This paper presents the most recent results of my MH370 flight route modeling. The goals of this work are as follows:

1. to build and exercise an integrating-path "Final Major Turns" (FMT) Model with 1-second time resolution,

2. to compensate the measured satellite Burst Frequency Offset (BFO) data for channel-dependent frequency biases, and obtain a "calibrated" BFO (CBFO) data set for direct comparison with FMT model predictions,

3. to use this new FMT Model and this calibrated BFO data set to explain, if possible, the unexpected CBFO values in the "Log-on / Log-off Acknowledge" messages,

4. to evaluate what constraints are placed on the FMT path by the satellite Burst Timing Offset (BTO) and calibrated BFO data, including the "Log-on / Log-off Acknowledge" CBFO at 18:25:34 UTC,

5. to determine, if possible, how many turns and altitude changes were made between 18:22 and 19:41 UTC,

6. to determine the True Air Speed (TAS) and Mach number and, if possible, what speed control mode was in use,

7. to build a 1-minute time resolution speed control model from the moment of the initial diversion from the planned route until fuel exhaustion, integrating air temperature and wind data to achieve high accuracy,

8. to use this speed control model to estimate time-variable fuel on board, aircraft weight, Mach number, TAS, air miles traveled, endurance, and range (in terms of Equivalent Still Air Distance, or ESAD),

9. to integrate the high-time-resolution FMT model and the speed control model with my existing Route Optimizer so that an optimum candidate route could be fit simultaneously using all three models,

10. to exercise this multi-component "MH370 Model" so that it generates a route consistent with all calibrated BFO and BTO data and with the Boeing B777-200ER fuel consumption tables, using assumed air speed and lateral navigation (LNAV) auto-pilot modes,

11. to identify, If possible, one or more FMT routes that are consistent with all the satellite data, including the "Log-on / Log-off Acknowledge" CBFO,

12. to determine the most likely southbound route, including its intersections at the 6th and 7th handshake arcs that can establish a new search area, if one is needed,

13. to interpret, if possible, the final two CBFO measurements at 00:19 UTC with respect to turn and descent rates, and

14. to establish, if possible, a justification for establishing a meaningful search width limit at the 7th arc.
 
&...conclusions/findings?

Quote:2 Major Findings

Here is a summary of my major findings:

1. A single route has been found that is consistent with all the satellite data, including the previously unexplained CBFOs from the "Log-on / Log-off Acknowledge" messages at 18:25:34 and 00:19:37.
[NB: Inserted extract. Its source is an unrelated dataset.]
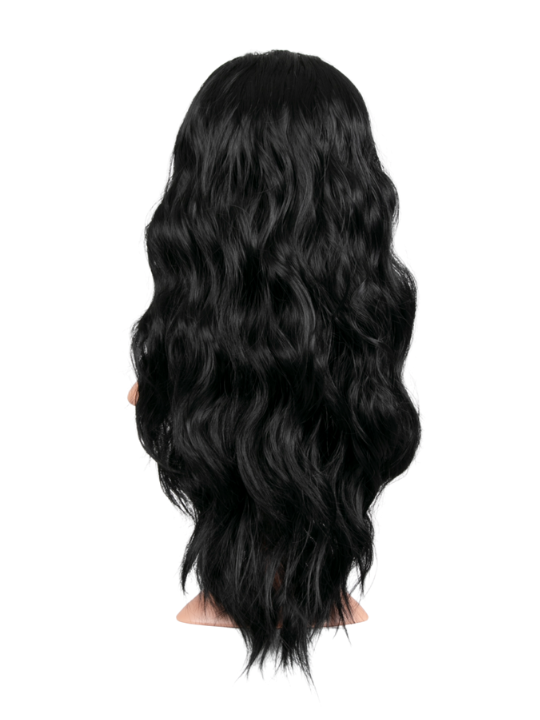 25 Inch Brushed Out Waves Half Head Wig jet black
2. The speed control mode was Long Range Cruise (or ECON speed mode with a Cost Index mimicking LRC).

3. Waypoints were used to establish the FMT course changes.

4. Turns were made at 1.59 degrees per second (at a bank angle of 35 degrees).

5. Climbs were made at 2,000 fpm.


6. Shortly after the initial diversion near IGARI, a climb was made from FL350 to FL360 for the initial return to Malaysia.

7. There were three turns and a second climb during the FMT period from 18:22 to 18:48.

8. Turn #1 was a turn-around to the left for a planned (second) return to Malaysia.

9. During Turn #1, a second climb was begun to FL410.

10. At the completion of Turn #1, a second turn-around (Turn #2) was initiated in order to reach SANOB.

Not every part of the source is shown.